Well, speakimg for myself now, but I would really love to see Mrs P take on Absofsteel in a topless jacuzzi titty fight...so can we make it happen ???? My blood preassure just went up, help call 911 !!!!!!


----------



## PillarofBalance (Apr 29, 2012)

Mr P said:


> Well, speakimg for myself now, but I would really love to see Mrs P take on Absofsteel in a topless jacuzzi titty fight...so can we make it happen ???? My blood preassure just went up, help call 911 !!!!!!



Can the jacuzzi be filled with butterscotch pudding?


----------



## Zeek (Apr 29, 2012)

Mr P said:


> Well, speakimg for myself now, but I would really love to see Mrs P take on Absofsteel in a topless jacuzzi titty fight...so can we make it happen ???? My blood preassure just went up, help call 911 !!!!!!



 I am not touching that one lol

 and you sir are risking your life with that comment!!  Mrs P can cook so I know she has knives!!


----------



## DarksideSix (Apr 29, 2012)

Mr P said:


> Well, speakimg for myself now, but I would really love to see Mrs P take on Absofsteel in a topless jacuzzi titty fight...so can we make it happen ???? My blood preassure just went up, help call 911 !!!!!!



I'll Cosign that!


----------



## Mrs P (Apr 29, 2012)

Ezekiel said:


> I am not touching that one lol
> 
> and you sir are risking your life with that comment!!  Mrs P can cook so I know she has knives!!

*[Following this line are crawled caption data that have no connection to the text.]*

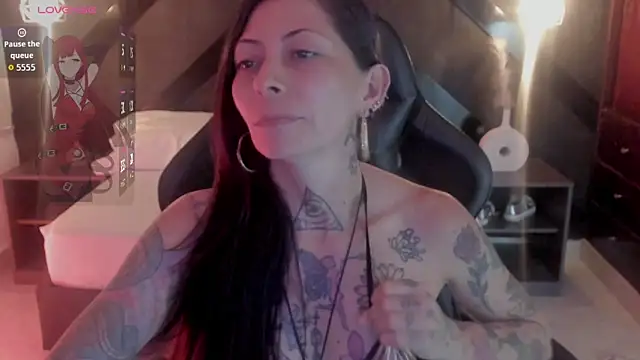 dark_gotica live cam on StripChat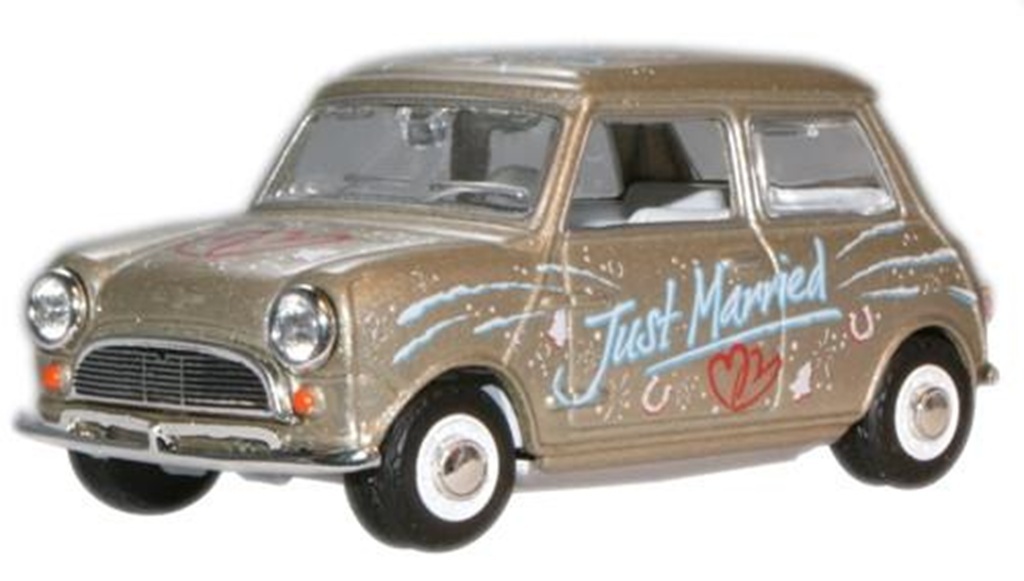 Oxford MIN016 1:43 「新婚快樂」Mini Cooper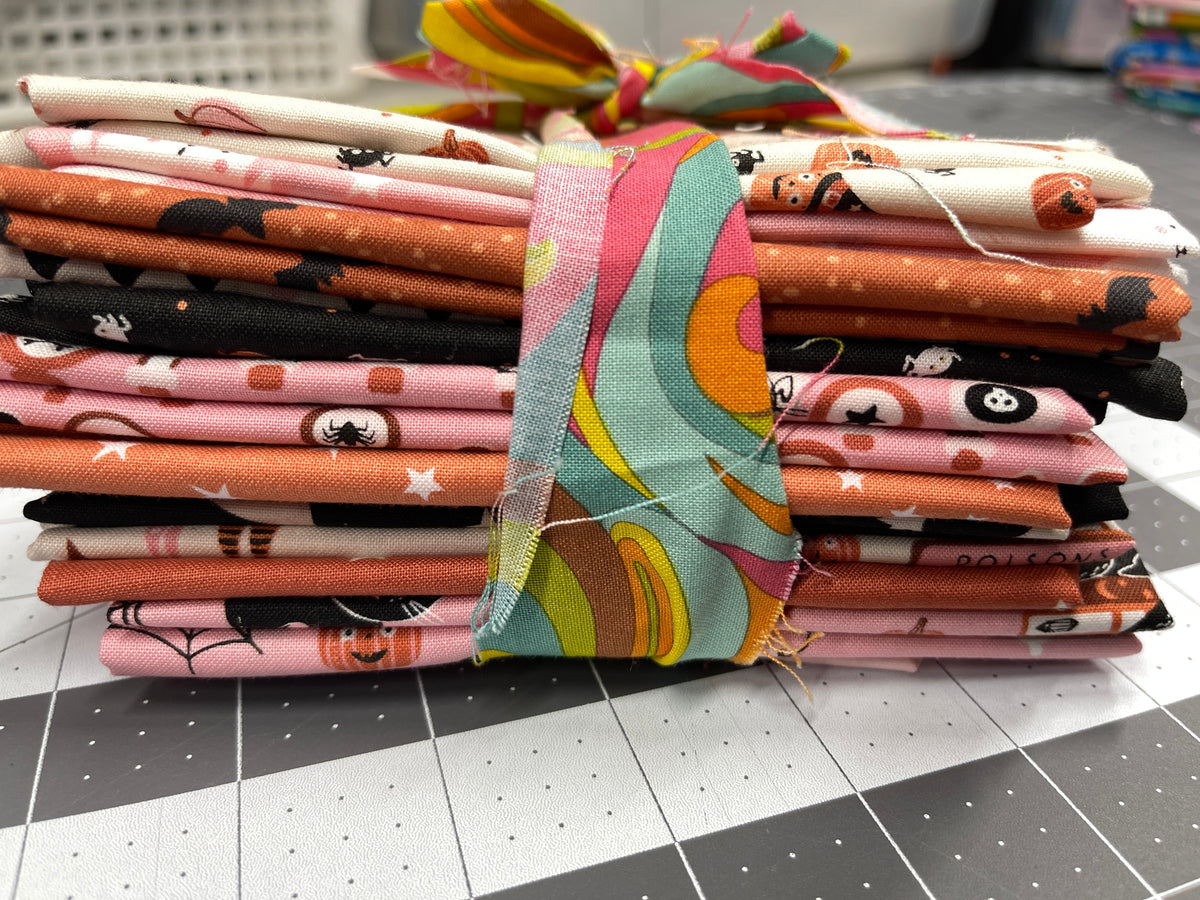12 Fat Quarter Bundle Purrs & Boos Elana Amos Moda 248Q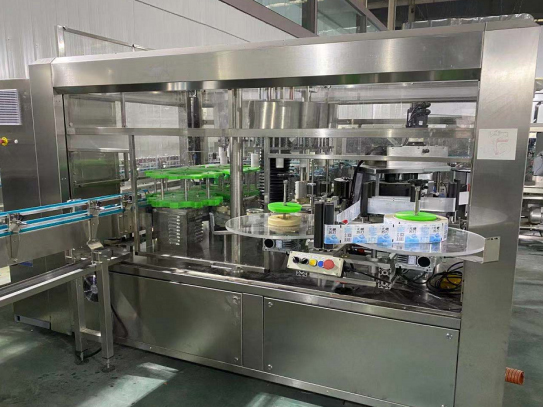 Self-adhesive labeling machine 24000BPH (18 stations) for 5-15L bottles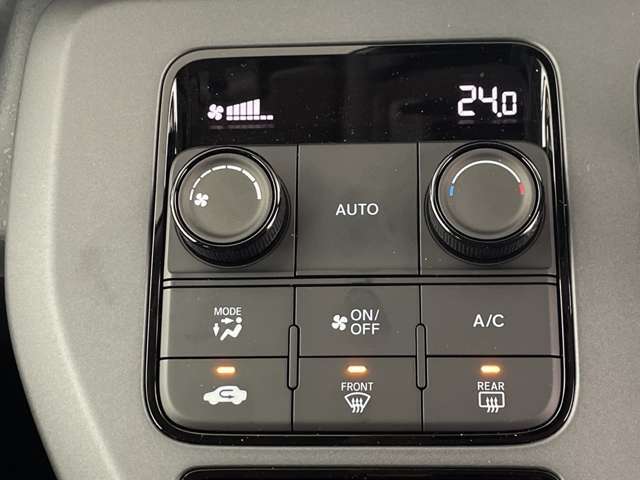 【運転席操作部】『運転席周辺の装備』の画像になります。快適なドライブを楽しむための機能が装備されています！運転席から触れるので使いやすいです！
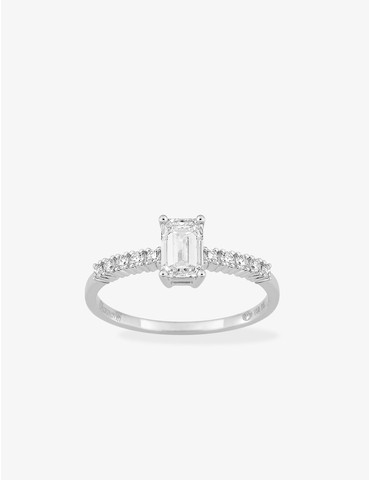 Bague solitaire accompagnée...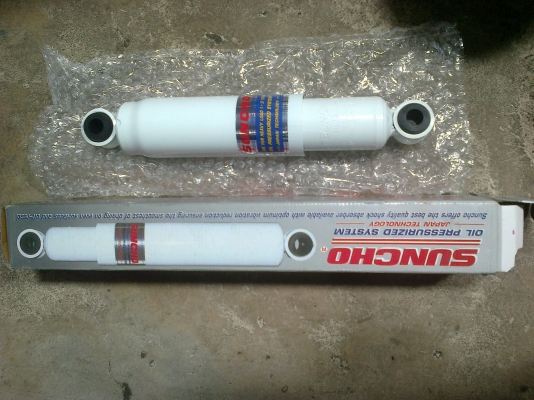 ขายโช๊คอัพ SUNCHO โหลดใส่ D-MAX ครับ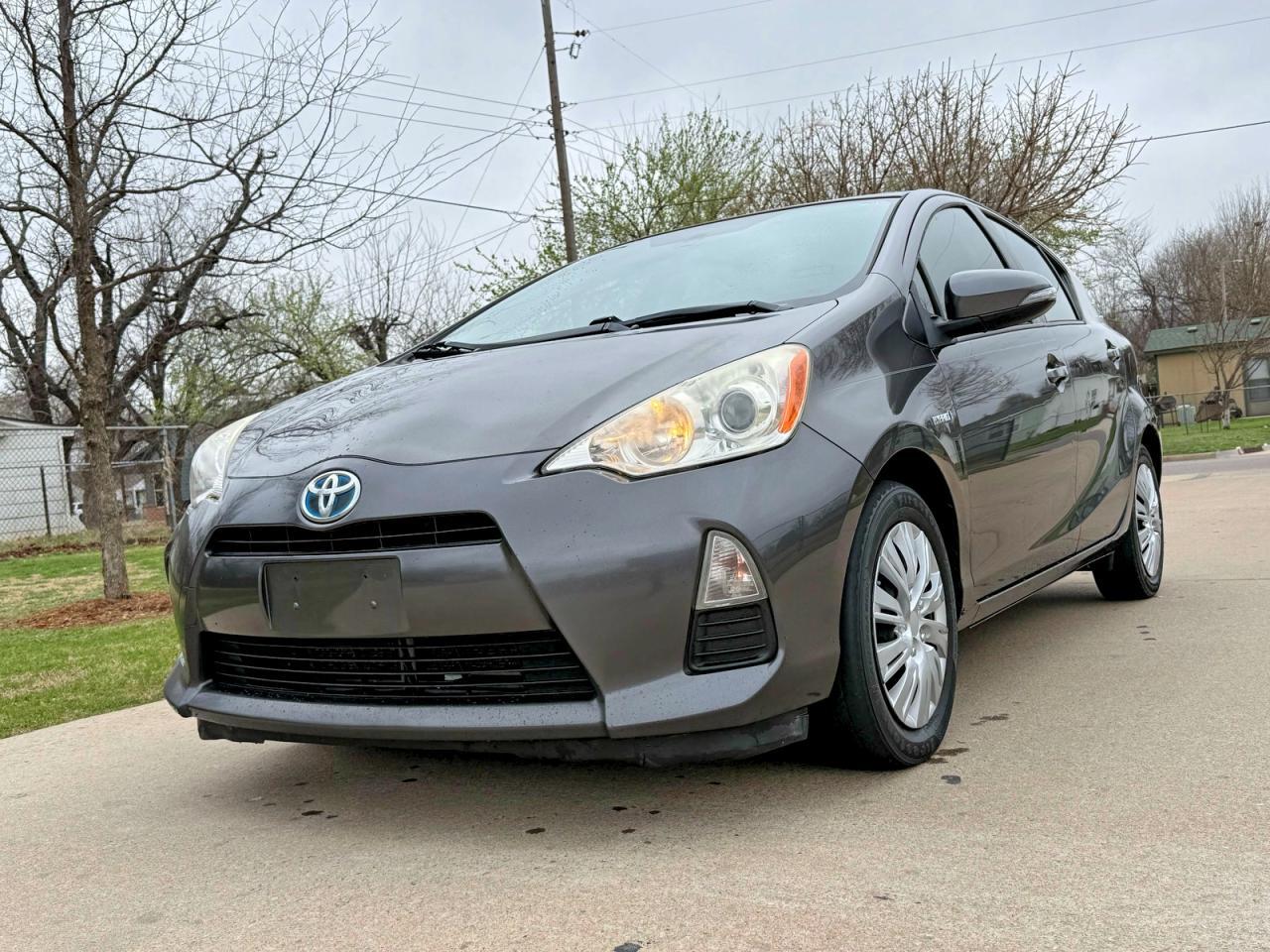 2014 TOYOTA Prius c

Your right Ezekiel, He keeps forgetting I own knives , a taser gun, a real gun, and a MACHETE !! Love the machete, makes such a slow, nice clean shave on the pubes... me love it !!!!!!






Me lurves u babe !!!!


----------



## Mrs P (Apr 29, 2012)

Oppps, cut u Bitch !! !!!! I sowy !!!!


----------



## PillarofBalance (Apr 29, 2012)

Mrs P you are fucking awesome and have completely earned my respect tonight... Seriously.


----------



## Zeek (Apr 29, 2012)

She is awesome bro!  makes me laugh non stop on some threads


----------



## LeanHerm (Apr 29, 2012)

Hahaha  I love it


----------



## PillarofBalance (Apr 29, 2012)

A music forum so we can post up what gets us fired up for training...


----------



## Lulu66 (Apr 29, 2012)

Dud thats Jason's machete, ur done mrp


----------



## Pikiki (Apr 29, 2012)

Agree with the music forum and a SRc`s feedback forum at least to check in if the SRC worth it or not.


----------



## Georgia (Apr 29, 2012)

Make it if you DO post blood results...you have to have scanned the paper and you post proof...not just numbers. Anybody can say they went and got bloods done and post numbers. Be like *Spongy* and post the actual test!

Many blood testing centers will scan & e-mail you the blood results so you can save the picture/PDF file/Whatever and post it on here! Otherwise scan that effer

And no complaints so far. Is a really nice little chill pad for people who love the game of bodybuilding. I am going to work on an SI favicon since I'm off of work today! Unless Admin already has one...but still mine will be better than his! lol


----------



## Zeek (Apr 29, 2012)

I like your thinking georgia, the actual tests do have value especially when guys come over from other sites to see the results. They don't know if our guys are solid or not so the actual test is important. I posted mine with the elitropins  will do same with uncle z blue tops this week


----------



## Zeek (Apr 29, 2012)

POB great idea! we will make that happen!


----------



## Georgia (Apr 29, 2012)

Ezekiel said:


> I like your thinking georgia, the actual tests do have value especially when guys come over from other sites to see the results. They don't know if our guys are solid or not so the actual test is important. I posted mine with the elitropins  will do same with uncle z blue tops this week



Exactly what I mean. New members come over & research what gear to buy and see test results on them but all they are are a bunch of numbers. We need to solidify the legitimacy of these tests to set ourselves apart from other forums by having people with actual hard copy proof....not appearing as just numbers which have probably been inflated to support whoever is giving them the gear for free or support their own brand or preferences.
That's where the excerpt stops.